Postgres: B+tree scalar array search and skip scan

PostgreSQL 18 shipped with a bunch of nice features, and since I have been knee-deep into database indexes lately, one feature that piqued my interest is "skip scan" for B+ tree indexes. So I dug deeper into its implementation to understand how it works.

Before proceeding, I should mention that understanding this article requires a decent understanding of B+ trees, so I'd recommend getting familiar with that first if you're not already. For an overview of B+ trees, the wikipedia page is a decent resource, usetheindexluke is a straightfoward resource on indexes generally. This simulator is a good tool for understanding its structure.

Skip scan allows for an efficient index scan:

When the scan key is a non-leading attribute in a multi-column index.
When there are range scan keys on a leading attribute in a multi-column index, e.g., queries with inequality operators: <,>, <=, >=, != , NOT NULL, BETWEEN.

In this article I'll focus on the first (I'll write about the second in a follow-up).

Given a multi-column index (dept_id, emp_id), an index scan WHERE dept_id = ?? will be efficient, but without skip scan, WHERE emp_id = ?? scan will be inefficient.

The image below shows the scan path for a query WHERE dept_id = 42 on a simplified (dept_id, emp_id) B+ tree index.

The scan is able to descend directly to the leaf page that contains the matching tuples. This is because the index is sorted first by dept_id.

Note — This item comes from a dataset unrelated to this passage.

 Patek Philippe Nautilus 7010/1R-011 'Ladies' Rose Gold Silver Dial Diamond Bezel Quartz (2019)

Now, consider a query WHERE emp_id = 5. The image below shows the scan path to retrieve all matching entries in the same index:

It descends to the leftmost leaf page and then traverses the leaf pages linearly from leftmost to rightmost. Inefficient!

One obvious solution will be to create a new index with emp_id as the leading column. But more indexes affect writes. With skip scan, the same index could be used efficiently for the query.

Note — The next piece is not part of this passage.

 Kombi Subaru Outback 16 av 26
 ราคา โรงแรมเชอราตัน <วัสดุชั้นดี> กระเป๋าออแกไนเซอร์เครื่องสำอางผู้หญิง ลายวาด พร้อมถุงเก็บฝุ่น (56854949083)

To understand skip scan, first we need to understand how index scans for scalar array operators work, specifically queries with the IN operator with a scalar list.

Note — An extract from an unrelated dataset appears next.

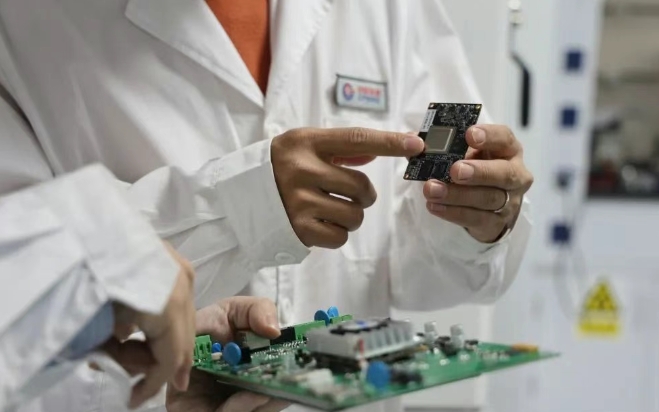 中国海油工程人员展示基于飞腾CPU开发的设备主板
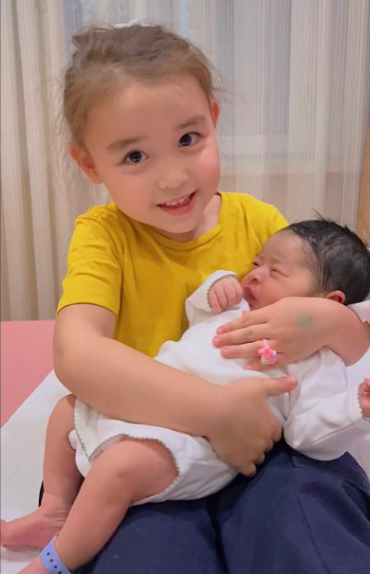 大女兒Doris跟妹妹溫馨合照。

How scalar array searches work

Given a query with WHERE dept_id IN (10, 20, 30, 40, 50, 70, 90) AND emp_id = 5, multiple index scans, 1 per combination of each element in the dept_id IN array and emp_id will be executed. The scan will typically work as illustrated in Fig. 3 and as described in the steps below:

The first scan key is (10, 5). The B+tree descent leads to the first leaf page that may contain tuples matching the scan key.
Execute a binary search on the leaf page. This returns the first tuple >= the scan key.
If the found tuple is not equal to the scan key (i.e., it's >), it means there are no tuples matching the scan key. We could end the index scan for the current scan key, advance the current dept_id array element to the next element (20) and begin a new index scan with the new scan key (20, 5) (actually that's what would happen prior to Postgres 17). But instead of just advancing to the next array element, it might be possible to advance even further, so the following is done (Postgres >= 17):
1. Binary search the dept_id IN array for the first element >= the tuple's dept_id value.
2. If the binary search returned an element >= the tuple's value, advance the current array element for
  dept_id to that element. In the illustration below, the search returned 50, the new scan key will be (50, 5) (so we were able to skip over 20 , 30, and 40).
3. Else, it means the tuple is greater than all the array elements, so there'll never be a match for any of the elements, so the entire index scan ends.
If the found tuple (from step 2) is equal to the scan key or if after a scan key array advancement (from step 3.2), the tuple is equal to the new scan key, store the tuple in a results buffer. Continue linearly to the next tuples in the page, storing matching tuples in the results buffer. When we encounter a tuple > the scan key, loop back to step 3.1.
If after an array advancement, the current tuple is < the scan key, it means matching tuples might be ahead. We could keep crawling the page linearly until we find matching tuples, but we don't want to waste our time if we won't find any. To avoid that, a "lookahead" optimization is used:
1. Compare the scan key with the page's last tuple.
2. If it's <=, then it means we might find matching tuples on the current page, so continue the linear traversal through tuples on the page until we get to the start of matching ones (then we'll loop back to step 4).
3. If it's >, then it means we won't find matching tuples on this page. We could check if the next page starts with matching tuples. Postgres' B+ tree implementation stores the value of the next page's (i.e., right sibling's) first tuple in a "pivot tuple" in the current page (this tuple is called a HI KEY, labeled HK in the diagrams). This allows us to peek at the next page's starting tuple without visiting the page. So:
4. 1. Compare the scan key with the tuple.
  2. If the scan key is equal, move to the page and loop back to step 4.
  3. If the scan key is greater, there may or may not be matching tuples on that page. Going to the page to continue the scan and not finding matching tuples would be costly, so we won't risk it. So end the current index scan and start a new one (loop back to step 1) with the scan key, so that we go directly to the leaf page that is certain to either yield matching tuples or end the scan.
  4. If the scan key is lower, it means we won't find any more matching tuples for the current scan key, so loop to 3.1 to advance the array scan key. After advancement, the current index scan ends and a new one with the new scan key starts (if the array elements aren't exhausted).
The entire scan ends when the array elements have been exhausted.

How Skip scan works

Skip scan is based on the same array search mechanism.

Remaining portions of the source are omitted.